--- Given data ---

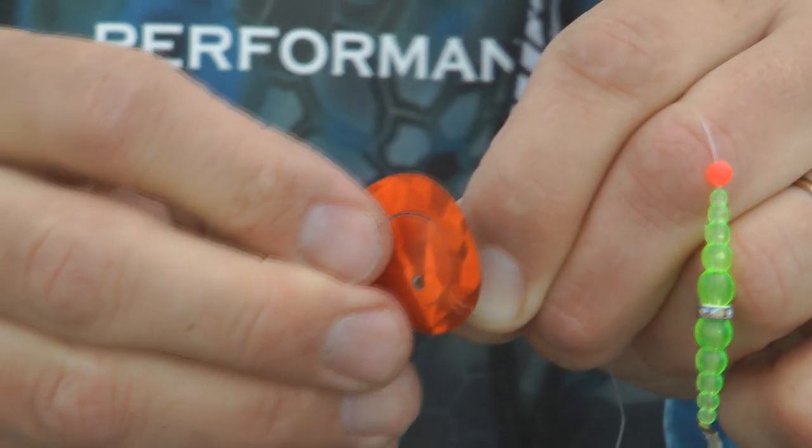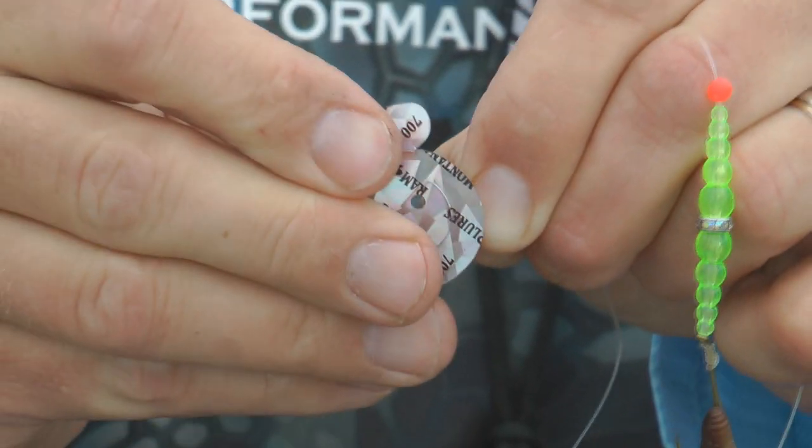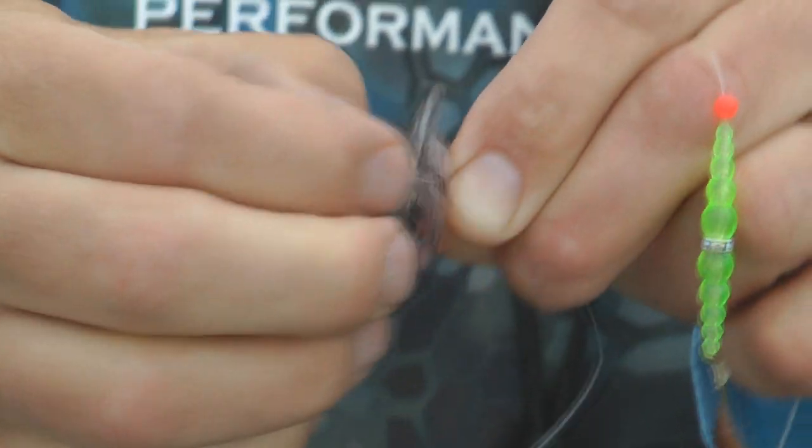This blade is easy to use. You'll want to run it in front of some beads and the line goes through the center hole. This blade is reversible so you can run the color facing forward or backwards. As the blade rotates through the water, it creates a unique action. This blade also has a lot of flash.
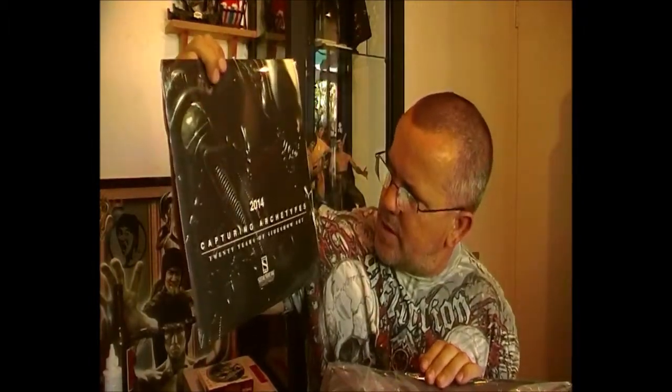I assume this is a calendar of some sort — it's 20 Years of Sideshow Art. It'll be interesting to see what that's like when I open it up.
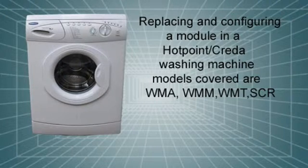Hi there. In this video I will be removing and refitting the control module on a Hotpoint WMA33 washing machine. The procedure is the same as in a number of other models within this range, namely the WMM, WMT and SCR machines. The main reason for this video is to complement the configuration information on our website. On this particular range of washing machine there are a number of different control modules used, and it is possible to fit a control module from one machine within a given range onto another and reconfigure it to work on that machine. But you do need to know which machines use which modules. This information and configuration data is freely available on our website at selfix-uk.co.uk.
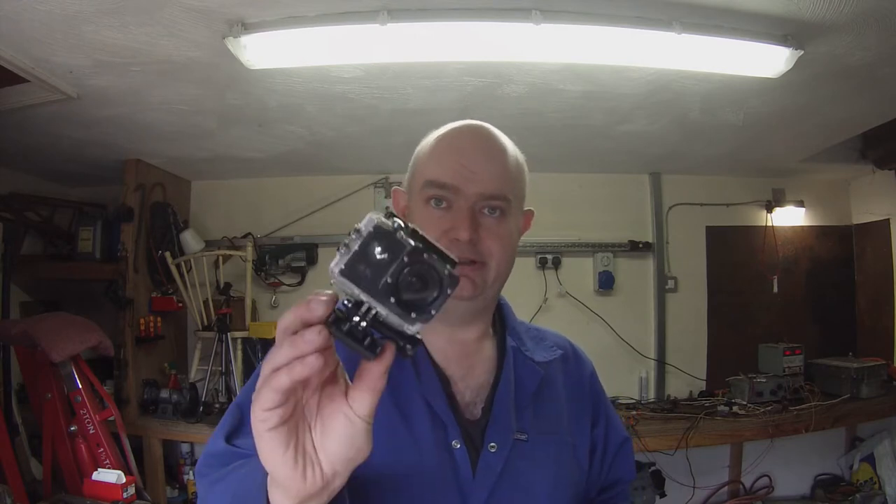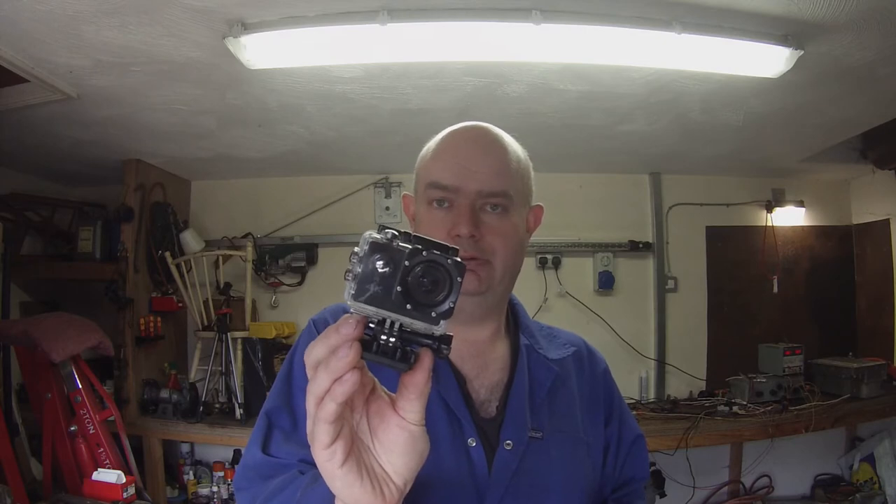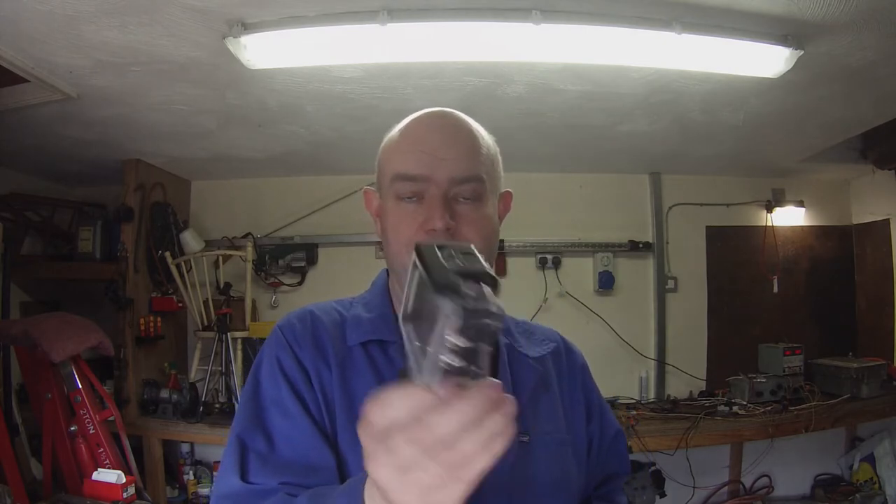Hello folks, and welcome to another little mini project that we have going on here in the Shed. I must apologise because this isn't the first time that I've filmed this. I filmed this in a series of stages yesterday, going through all the various parts that I was doing. I filmed it with this little cheap fake GoPro action camera thing.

---

__Exercise details__.
The answer must be the lines above from the one containing "I assume this" through the one containing "Hi there. In", reproduced exactly, with no pictures and nothing else.

__Output for this exercise__.
I assume this is a calendar of some sort — it's 20 Years of Sideshow Art. It'll be interesting to see what that's like when I open it up.
Hi there. In this video I will be removing and refitting the control module on a Hotpoint WMA33 washing machine. The procedure is the same as in a number of other models within this range, namely the WMM, WMT and SCR machines. The main reason for this video is to complement the configuration information on our website. On this particular range of washing machine there are a number of different control modules used, and it is possible to fit a control module from one machine within a given range onto another and reconfigure it to work on that machine. But you do need to know which machines use which modules. This information and configuration data is freely available on our website at selfix-uk.co.uk.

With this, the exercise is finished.